Role prompting : de meilleures réponses IA avec « agis comme »

« Agis comme un éditeur senior » change la réponse plus qu'on ne le croit. Voici comment fonctionne le role prompting, quand il aide et quand ce n'est que du théâtre.

Illustration du role prompting : donner une persona à un assistant IA pour qu'il réponde en son nom

Demandez à un chatbot d'« expliquer les intérêts composés » et vous obtenez une réponse plate, sortie tout droit d'un manuel. Demandez-lui de les expliquer « comme un prof de maths de collège, patient, qui s'adresse à un enfant de 12 ans » et toute la réponse bascule : des phrases plus courtes, un exemple concret avec de l'argent de poche, zéro jargon. Même modèle, même question, résultat radicalement différent. Ce basculement, c'est tout l'intérêt du role prompting — vous dites à l'IA qui elle est avant de lui dire quoi faire, et elle emprunte le vocabulaire, le ton et les priorités de ce rôle.

Ce que le role prompting fait réellement

Le role prompting consiste à attribuer au modèle une persona ou un rôle dès le début de votre requête. Vous avez sans doute déjà croisé le raccourci : ces prompts en « act as » qui commencent par « Agis comme un secrétaire de rédaction », « Tu es un ingénieur backend senior » ou « Fais comme si tu étais guide de musée ». Le rôle est un cadre. Tout ce qui suit est filtré à travers cette identité.

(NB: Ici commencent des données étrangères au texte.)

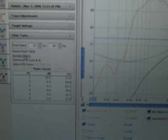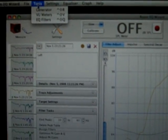Then you click Assign Filters and it will assign filters for each of those peaks. And if you go up to the Tools menu and then go down to EQ Filters, it will have the filters for the BFD all set up there.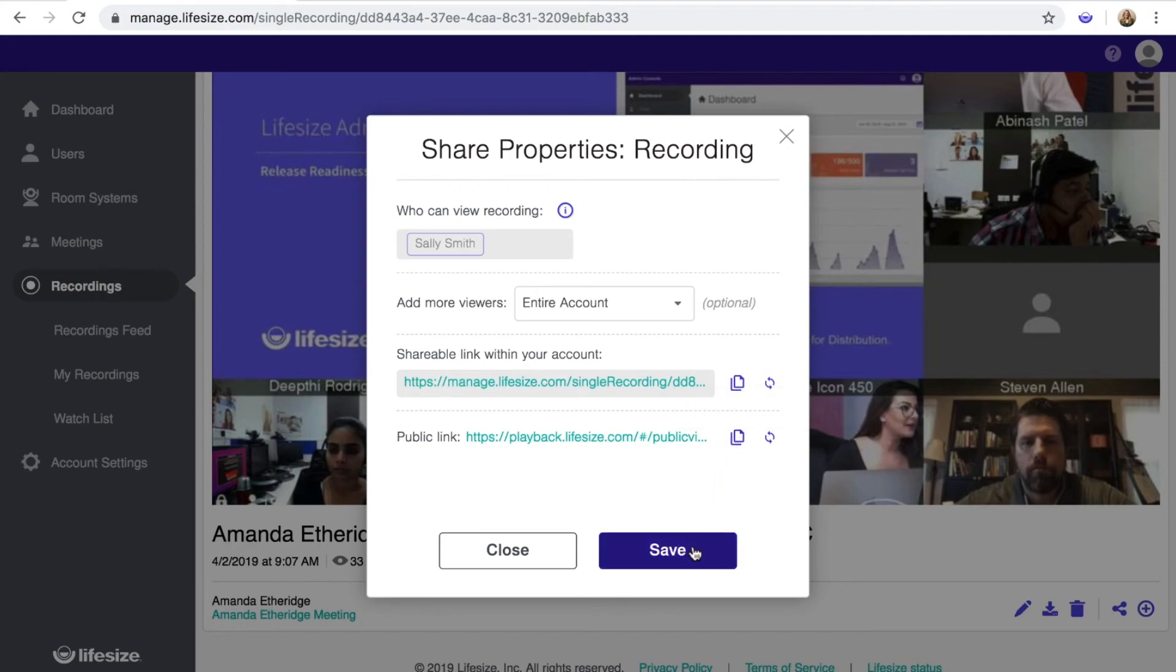When you're finished, click Save to apply any changes, or click Close to exit without saving. To learn more about the Admin Console, check out the other videos in this series. And be sure to follow us on social media for the latest features and updates. Thanks for watching.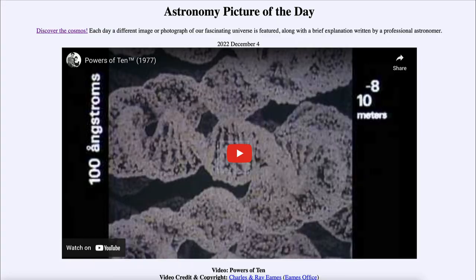Greetings and welcome to the Introduction to Astronomy. One of the things that I like to do in each of my introductory astronomy classes is to begin the class with the Astronomy Picture of the Day from the NASA website at apod.nasa.gov/apod.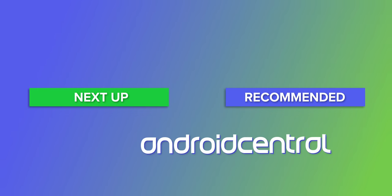Hey everybody, thanks for watching. If you enjoyed this video, be sure to subscribe to the channel, and go check out our full thoughts on the V60 over at androidcentral.com. Until next time, stay safe, and we'll see you around.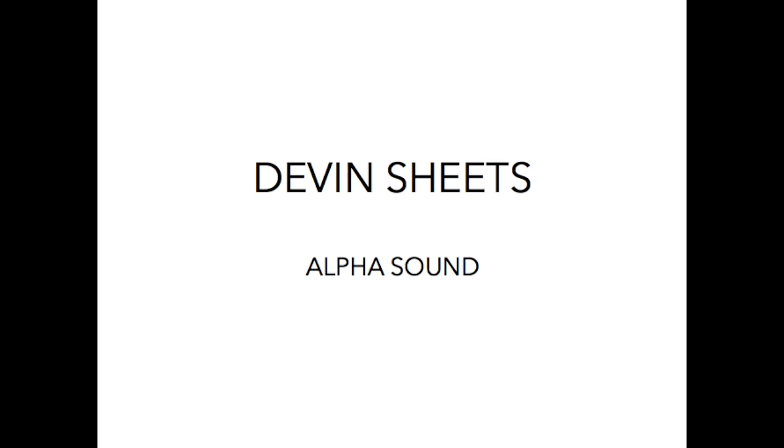This is Devin Sheets with Alphasound, and I'd like to talk about system tuning. I'm going to start with the Salem Art Fair and tell you my story.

Ce n'est pas de la magie, et ça n'ajoute aucune connaissance. Le modèle contient déjà tout ce qu'il va dire. Ce que fait le rôle, c'est orienter *quelle* partie de ce savoir remonte à la surface et *comment* elle est formulée. Voyez-le comme braquer une lampe torche plutôt que comme ajouter de nouveaux livres à la bibliothèque.

Pourquoi un rôle change la réponse

Les modèles de langage prédisent du texte à partir de motifs. Quand vous écrivez « Tu es une infirmière pédiatrique expérimentée », vous poussez le modèle vers la région de son entraînement où parlent les infirmières en pédiatrie — ton rassurant, sécurité avant tout, explications simples pour des parents inquiets. La persona attire à elle un vocabulaire et des priorités que vous n'avez jamais eu à énumérer.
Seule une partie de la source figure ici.